» **What to work on**: From the records below, extract only the lines running from the line with "Top estampado con pedrería tirantes" to the line with "45 Dogwood Rd #8, Manahawkin, NJ 08050", both lines included, reproducing them exactly.

» **Record set**:
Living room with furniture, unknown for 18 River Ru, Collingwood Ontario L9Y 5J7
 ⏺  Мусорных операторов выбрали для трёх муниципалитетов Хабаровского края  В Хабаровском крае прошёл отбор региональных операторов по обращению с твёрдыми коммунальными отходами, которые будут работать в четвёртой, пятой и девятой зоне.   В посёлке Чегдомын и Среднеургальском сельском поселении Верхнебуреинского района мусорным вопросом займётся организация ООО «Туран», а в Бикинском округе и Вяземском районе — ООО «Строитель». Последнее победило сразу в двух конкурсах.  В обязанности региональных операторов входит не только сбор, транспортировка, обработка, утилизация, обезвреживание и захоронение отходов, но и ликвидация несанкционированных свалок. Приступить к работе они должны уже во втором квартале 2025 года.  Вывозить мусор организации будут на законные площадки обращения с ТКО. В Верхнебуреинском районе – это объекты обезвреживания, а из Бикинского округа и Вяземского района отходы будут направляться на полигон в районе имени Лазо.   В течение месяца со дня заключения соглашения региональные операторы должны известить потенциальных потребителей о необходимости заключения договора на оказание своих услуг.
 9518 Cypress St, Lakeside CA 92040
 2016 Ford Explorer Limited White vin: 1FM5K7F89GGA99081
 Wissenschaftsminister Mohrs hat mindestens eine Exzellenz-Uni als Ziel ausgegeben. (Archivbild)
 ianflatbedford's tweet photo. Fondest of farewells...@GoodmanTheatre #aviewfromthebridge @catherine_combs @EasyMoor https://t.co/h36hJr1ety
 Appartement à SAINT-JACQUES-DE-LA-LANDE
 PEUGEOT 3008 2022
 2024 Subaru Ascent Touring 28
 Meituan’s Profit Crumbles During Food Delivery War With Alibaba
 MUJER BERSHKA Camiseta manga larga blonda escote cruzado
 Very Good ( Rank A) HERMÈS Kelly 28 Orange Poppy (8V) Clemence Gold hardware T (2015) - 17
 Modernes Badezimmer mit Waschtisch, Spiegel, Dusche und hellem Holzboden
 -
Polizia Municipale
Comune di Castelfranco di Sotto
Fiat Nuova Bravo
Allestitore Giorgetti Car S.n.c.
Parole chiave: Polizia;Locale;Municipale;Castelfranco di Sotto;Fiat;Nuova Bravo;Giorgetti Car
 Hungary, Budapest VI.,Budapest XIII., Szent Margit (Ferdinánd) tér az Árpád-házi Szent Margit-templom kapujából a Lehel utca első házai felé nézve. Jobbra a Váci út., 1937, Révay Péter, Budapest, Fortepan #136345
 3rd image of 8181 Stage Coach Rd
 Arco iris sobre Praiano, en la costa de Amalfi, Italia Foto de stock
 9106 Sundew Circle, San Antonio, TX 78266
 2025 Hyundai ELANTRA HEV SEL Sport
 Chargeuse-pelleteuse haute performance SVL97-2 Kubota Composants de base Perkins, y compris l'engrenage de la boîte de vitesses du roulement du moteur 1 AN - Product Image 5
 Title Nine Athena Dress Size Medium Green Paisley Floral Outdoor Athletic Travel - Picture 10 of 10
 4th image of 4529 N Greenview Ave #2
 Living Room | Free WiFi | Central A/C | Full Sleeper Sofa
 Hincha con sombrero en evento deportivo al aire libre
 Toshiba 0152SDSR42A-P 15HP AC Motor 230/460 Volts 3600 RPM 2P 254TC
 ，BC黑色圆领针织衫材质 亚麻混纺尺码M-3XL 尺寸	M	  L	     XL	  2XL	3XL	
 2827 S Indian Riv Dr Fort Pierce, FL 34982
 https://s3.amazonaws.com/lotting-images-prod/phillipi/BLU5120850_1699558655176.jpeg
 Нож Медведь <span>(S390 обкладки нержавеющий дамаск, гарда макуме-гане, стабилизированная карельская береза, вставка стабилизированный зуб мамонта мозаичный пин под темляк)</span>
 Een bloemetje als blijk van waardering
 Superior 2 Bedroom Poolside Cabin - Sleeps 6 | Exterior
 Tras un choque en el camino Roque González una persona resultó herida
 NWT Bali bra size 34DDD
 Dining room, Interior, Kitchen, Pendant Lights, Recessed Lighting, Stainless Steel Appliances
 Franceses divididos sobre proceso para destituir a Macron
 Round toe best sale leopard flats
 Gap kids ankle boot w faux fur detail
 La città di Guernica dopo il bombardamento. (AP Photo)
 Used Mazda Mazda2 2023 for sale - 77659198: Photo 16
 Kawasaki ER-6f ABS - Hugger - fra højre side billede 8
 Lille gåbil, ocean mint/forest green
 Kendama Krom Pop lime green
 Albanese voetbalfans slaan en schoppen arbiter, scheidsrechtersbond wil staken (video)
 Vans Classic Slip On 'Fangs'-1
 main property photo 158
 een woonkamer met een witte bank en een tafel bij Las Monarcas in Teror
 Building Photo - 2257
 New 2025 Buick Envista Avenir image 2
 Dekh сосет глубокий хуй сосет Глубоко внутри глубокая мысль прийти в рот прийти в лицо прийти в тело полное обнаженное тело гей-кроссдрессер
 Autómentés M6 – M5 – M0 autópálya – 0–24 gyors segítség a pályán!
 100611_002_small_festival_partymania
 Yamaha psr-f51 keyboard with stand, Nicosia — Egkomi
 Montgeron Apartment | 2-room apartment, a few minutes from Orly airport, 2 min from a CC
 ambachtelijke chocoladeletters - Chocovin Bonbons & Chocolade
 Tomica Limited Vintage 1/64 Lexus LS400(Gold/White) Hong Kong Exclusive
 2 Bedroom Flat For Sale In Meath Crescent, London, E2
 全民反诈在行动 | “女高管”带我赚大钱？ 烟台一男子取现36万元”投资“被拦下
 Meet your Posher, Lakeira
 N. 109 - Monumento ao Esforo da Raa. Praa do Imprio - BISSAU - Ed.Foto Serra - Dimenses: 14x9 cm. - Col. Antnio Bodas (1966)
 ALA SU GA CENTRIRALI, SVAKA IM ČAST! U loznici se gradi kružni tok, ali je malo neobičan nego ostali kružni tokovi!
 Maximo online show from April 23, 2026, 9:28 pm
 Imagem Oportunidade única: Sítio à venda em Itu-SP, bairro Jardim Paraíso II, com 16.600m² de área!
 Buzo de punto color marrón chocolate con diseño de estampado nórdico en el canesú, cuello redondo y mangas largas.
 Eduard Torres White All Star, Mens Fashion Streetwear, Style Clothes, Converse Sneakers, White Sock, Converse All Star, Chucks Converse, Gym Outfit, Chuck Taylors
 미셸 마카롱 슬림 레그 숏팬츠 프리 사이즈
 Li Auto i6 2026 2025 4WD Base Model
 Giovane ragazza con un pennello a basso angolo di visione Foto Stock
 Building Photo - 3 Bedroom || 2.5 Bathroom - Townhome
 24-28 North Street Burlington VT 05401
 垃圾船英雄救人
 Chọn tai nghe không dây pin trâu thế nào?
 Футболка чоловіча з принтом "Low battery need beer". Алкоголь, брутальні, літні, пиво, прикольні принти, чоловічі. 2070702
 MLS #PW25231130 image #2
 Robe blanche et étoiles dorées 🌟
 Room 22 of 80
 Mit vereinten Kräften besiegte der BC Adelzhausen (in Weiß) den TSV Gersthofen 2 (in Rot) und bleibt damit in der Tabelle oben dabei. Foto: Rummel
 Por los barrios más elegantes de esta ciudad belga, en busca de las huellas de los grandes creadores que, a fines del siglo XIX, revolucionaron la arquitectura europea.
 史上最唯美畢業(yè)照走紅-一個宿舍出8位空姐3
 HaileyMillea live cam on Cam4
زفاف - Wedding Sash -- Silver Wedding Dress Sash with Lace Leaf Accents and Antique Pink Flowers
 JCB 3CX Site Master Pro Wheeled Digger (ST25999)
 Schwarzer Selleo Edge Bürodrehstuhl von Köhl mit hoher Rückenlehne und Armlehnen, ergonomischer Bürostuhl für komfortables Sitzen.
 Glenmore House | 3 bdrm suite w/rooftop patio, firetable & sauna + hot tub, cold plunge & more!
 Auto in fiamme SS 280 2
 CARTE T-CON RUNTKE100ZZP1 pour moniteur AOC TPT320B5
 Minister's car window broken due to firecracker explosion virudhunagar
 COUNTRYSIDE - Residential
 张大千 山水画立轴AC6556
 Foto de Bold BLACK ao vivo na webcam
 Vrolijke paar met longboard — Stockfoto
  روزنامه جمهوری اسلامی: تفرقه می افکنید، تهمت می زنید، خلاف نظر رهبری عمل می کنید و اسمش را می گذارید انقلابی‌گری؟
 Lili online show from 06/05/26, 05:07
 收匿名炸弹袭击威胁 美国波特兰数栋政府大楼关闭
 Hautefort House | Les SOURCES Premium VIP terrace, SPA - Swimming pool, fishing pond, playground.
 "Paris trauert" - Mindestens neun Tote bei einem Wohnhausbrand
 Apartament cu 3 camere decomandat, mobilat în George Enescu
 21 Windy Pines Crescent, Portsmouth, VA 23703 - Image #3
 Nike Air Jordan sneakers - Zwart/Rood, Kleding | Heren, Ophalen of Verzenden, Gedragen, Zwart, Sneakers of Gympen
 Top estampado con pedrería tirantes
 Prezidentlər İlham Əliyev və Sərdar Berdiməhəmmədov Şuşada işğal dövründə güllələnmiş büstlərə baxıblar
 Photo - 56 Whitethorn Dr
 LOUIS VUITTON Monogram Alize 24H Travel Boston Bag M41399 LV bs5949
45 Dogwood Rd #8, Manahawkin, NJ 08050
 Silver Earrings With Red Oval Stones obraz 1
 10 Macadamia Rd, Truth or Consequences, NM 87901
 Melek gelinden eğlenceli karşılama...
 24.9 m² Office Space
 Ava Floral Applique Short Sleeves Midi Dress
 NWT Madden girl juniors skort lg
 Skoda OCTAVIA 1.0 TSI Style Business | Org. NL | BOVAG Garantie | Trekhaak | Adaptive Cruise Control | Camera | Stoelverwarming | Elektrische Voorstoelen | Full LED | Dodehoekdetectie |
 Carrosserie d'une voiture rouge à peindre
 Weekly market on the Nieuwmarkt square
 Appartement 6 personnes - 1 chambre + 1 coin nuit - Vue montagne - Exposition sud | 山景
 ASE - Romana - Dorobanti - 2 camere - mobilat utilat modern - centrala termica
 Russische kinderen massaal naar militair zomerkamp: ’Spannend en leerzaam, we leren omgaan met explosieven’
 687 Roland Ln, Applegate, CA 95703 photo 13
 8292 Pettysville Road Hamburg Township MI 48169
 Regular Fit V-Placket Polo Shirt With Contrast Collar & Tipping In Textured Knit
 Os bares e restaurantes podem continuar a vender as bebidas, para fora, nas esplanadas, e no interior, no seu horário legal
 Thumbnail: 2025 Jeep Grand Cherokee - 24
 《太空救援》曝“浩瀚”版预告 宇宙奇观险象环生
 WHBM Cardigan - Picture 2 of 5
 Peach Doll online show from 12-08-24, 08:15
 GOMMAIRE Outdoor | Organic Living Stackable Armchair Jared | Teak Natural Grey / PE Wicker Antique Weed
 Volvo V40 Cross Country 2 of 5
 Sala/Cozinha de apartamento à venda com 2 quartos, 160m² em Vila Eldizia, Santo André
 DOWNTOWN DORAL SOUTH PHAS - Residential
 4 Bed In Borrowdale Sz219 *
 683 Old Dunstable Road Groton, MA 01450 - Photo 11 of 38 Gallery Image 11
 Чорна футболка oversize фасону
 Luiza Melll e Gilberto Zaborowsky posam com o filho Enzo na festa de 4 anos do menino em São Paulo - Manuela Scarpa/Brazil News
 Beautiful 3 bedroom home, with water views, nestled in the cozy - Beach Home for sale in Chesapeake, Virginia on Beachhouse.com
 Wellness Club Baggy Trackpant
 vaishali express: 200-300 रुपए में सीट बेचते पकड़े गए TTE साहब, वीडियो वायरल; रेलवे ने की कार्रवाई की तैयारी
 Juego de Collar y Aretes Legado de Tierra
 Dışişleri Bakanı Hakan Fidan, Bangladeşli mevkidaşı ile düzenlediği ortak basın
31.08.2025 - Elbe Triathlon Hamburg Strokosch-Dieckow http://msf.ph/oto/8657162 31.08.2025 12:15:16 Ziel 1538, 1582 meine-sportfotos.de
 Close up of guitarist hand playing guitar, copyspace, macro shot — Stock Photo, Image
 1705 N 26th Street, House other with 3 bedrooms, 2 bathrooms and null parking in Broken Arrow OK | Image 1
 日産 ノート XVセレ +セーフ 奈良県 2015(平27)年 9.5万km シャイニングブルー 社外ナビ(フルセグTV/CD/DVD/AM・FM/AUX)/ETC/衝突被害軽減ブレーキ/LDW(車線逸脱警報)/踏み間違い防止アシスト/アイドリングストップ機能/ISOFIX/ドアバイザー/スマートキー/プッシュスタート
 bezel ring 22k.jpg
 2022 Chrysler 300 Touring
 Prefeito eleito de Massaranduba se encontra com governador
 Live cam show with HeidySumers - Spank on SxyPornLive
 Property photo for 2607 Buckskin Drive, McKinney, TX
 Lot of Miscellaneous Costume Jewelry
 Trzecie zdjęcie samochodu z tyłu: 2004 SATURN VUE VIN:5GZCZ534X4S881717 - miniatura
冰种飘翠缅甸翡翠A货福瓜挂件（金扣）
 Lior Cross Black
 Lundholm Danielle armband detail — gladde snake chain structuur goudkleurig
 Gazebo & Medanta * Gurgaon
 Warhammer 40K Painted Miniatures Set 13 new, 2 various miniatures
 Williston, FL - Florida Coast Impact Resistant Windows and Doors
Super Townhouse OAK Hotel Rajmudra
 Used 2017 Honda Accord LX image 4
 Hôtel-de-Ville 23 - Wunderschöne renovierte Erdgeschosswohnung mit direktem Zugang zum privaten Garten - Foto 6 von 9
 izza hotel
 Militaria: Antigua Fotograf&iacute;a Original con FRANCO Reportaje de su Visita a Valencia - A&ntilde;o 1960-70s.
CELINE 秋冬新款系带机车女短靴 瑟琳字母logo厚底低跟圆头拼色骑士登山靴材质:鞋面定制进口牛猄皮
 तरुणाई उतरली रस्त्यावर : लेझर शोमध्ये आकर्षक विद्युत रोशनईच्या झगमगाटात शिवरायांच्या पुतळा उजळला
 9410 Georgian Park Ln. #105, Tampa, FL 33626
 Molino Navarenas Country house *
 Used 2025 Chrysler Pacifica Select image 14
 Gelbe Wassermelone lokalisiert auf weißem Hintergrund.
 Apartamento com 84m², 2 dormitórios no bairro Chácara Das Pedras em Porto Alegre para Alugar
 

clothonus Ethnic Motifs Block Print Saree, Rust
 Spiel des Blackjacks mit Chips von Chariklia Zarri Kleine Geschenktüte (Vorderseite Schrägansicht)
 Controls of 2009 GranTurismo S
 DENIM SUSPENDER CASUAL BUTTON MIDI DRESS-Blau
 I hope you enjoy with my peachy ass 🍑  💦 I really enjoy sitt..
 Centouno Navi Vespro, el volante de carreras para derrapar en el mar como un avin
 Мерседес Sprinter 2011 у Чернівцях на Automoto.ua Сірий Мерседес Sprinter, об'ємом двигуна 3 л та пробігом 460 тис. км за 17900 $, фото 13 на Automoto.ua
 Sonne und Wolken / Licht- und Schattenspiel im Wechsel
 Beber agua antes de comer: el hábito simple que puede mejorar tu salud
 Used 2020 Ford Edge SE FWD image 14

» **Solution to this problem**:
 Top estampado con pedrería tirantes
 Prezidentlər İlham Əliyev və Sərdar Berdiməhəmmədov Şuşada işğal dövründə güllələnmiş büstlərə baxıblar
 Photo - 56 Whitethorn Dr
 LOUIS VUITTON Monogram Alize 24H Travel Boston Bag M41399 LV bs5949
45 Dogwood Rd #8, Manahawkin, NJ 08050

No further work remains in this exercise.